# Neural Nets Understood through Euler Method
This attempts (and fails) to outline how complex neural net behaviour can be understood through euler method. 

First we'll do a quick revision of the euler method than we'll follow this with 

In [2]:
import matplotlib.pyplot as plt
import numpy as np
import keras as kr
from mpl_toolkits.mplot3d import Axes3D

##  Euler Method Example

Let's start with a trajectory problem. To add a little complexity let's add a weak constant wind force and a strange momentum shift in z. Let's also add a constant wind force. For initial conditions let's start at $x,y,z = 0,0,0$ and $v_x,v_y,v_z = 5,0,0.1$

$\frac{d^2x}{dt^2}= -9.8$

$\frac{d^2y}{dt^2}= 0.1$

$\frac{dz}{dt}= 0.1$

To remind ourselve eulers method we can think of it as evaluating the first term of the taylor series. We can write this as:

$\frac{dx}{dt}|_{t=t_0} = f(x_0,t_0)$

$x = x_0 + (t-t_0) f(x_0,t_0)$

using this repeatly give us:

$x_{n+1} = x_n + (t_{n+1}-t_n) f(x_n,t_n)$   or  $x_{n+1} = x_n + h f(x_n,t_n)$ for a constant time jump

We apply it twice to get the second derivative.

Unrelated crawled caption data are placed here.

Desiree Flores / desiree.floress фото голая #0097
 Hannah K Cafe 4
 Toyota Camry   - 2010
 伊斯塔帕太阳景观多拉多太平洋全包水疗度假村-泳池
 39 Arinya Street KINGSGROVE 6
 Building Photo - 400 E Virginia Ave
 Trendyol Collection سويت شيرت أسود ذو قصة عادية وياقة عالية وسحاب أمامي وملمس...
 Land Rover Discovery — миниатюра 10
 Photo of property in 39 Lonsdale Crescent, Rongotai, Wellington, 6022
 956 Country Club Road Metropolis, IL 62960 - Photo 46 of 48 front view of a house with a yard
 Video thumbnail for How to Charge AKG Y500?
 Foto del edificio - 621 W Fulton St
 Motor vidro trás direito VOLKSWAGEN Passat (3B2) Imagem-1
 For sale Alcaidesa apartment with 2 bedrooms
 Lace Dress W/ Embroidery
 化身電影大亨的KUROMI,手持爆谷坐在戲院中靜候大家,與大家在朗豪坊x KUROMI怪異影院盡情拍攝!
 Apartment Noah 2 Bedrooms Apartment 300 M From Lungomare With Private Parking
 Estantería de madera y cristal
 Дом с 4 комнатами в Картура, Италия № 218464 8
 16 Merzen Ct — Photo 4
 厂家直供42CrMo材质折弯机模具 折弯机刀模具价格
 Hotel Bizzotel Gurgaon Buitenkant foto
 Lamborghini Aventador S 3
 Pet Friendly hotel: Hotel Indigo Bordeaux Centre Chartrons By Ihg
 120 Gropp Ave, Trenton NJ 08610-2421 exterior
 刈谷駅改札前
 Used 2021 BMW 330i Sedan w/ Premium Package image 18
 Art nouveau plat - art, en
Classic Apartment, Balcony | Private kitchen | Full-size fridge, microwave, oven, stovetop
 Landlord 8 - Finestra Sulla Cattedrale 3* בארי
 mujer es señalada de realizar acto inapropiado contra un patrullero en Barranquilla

$\frac{d^2x}{dt^2}= g(v_0,x_0,t_0)$

$x = x_0 + hv_0 + h^2 g(v_0,x_0,t_0)$

So for our example we use the interative forms:

$x_{n+1} = x_n + h v_{x,n} -9.8 h^2 $

$v_{x,n+1} = v_n - 9.8h$

$y_{n+1} = y_n + h v_{y,n} + 0.1 h^2 $

$v_{y,n+1} = v_{y,n} +0.1 h $

$z_{n+1} = z_n +0.1 h $

Because x and y are independent this problem becomes simple but also interesting enough. We can decided how far we want to make our time jumps.

In [3]:
#Euler Method example
%matplotlib notebook 
hs= np.array([0.1, 0.01, 0.001])
data = []
for h in hs:
    #Number of interations to hit t=1
    numberofinterations = int(1/h)
    #Initial States
    States = [[0, 0, 0, 5, 0, 0.1]]
    for j in range(numberofinterations):
        #Apply all the updates
        States.append([States[-1][0] + h*States[-1][3] - 9.8*h**2,
                       States[-1][1] + h*States[-1][4] + 0.1*h**2,
                       States[-1][2] + h*0.1,
                       States[-1][3] - 9.8*h,
                       States[-1][4] + 0.1*h,
                       0.1])
    data.append(States)
#PLotting
fig = plt.figure(figsize= (9,6), tight_layout = True)
ax = fig.add_subplot(111, projection='3d')
for i,h in enumerate(hs):
    x,y,z,vx,vy,vz = zip(*data[i])
    vx = np.concatenate([np.array(x[1:]),np.array([x[-1]])])-np.array(x)
    vy = np.concatenate([np.array(y[1:]),np.array([y[-1]])])-np.array(y)
    vz = np.concatenate([np.array(z[1:]),np.array([z[-1]])])-np.array(z)
    ax.quiver(np.array(z),np.array(y),np.array(x),vz,vy,vx,label='h = '+str(h)+', Number of steps = '+str(int(1/h)),
              color='C'+str(i),arrow_length_ratio=0.02,linewidths=0.3)
ax.legend()
ax.set_zlabel('height')
ax.set_title('Euler Method Example')
ax.view_init(elev=7, azim=297)

plt.show()

<IPython.core.display.Javascript object>

Main point to observe is that with smaller step sizes leads to more accurate point. I'll be trying to show that 'deeper' networks actually corresponds to smaller transformations.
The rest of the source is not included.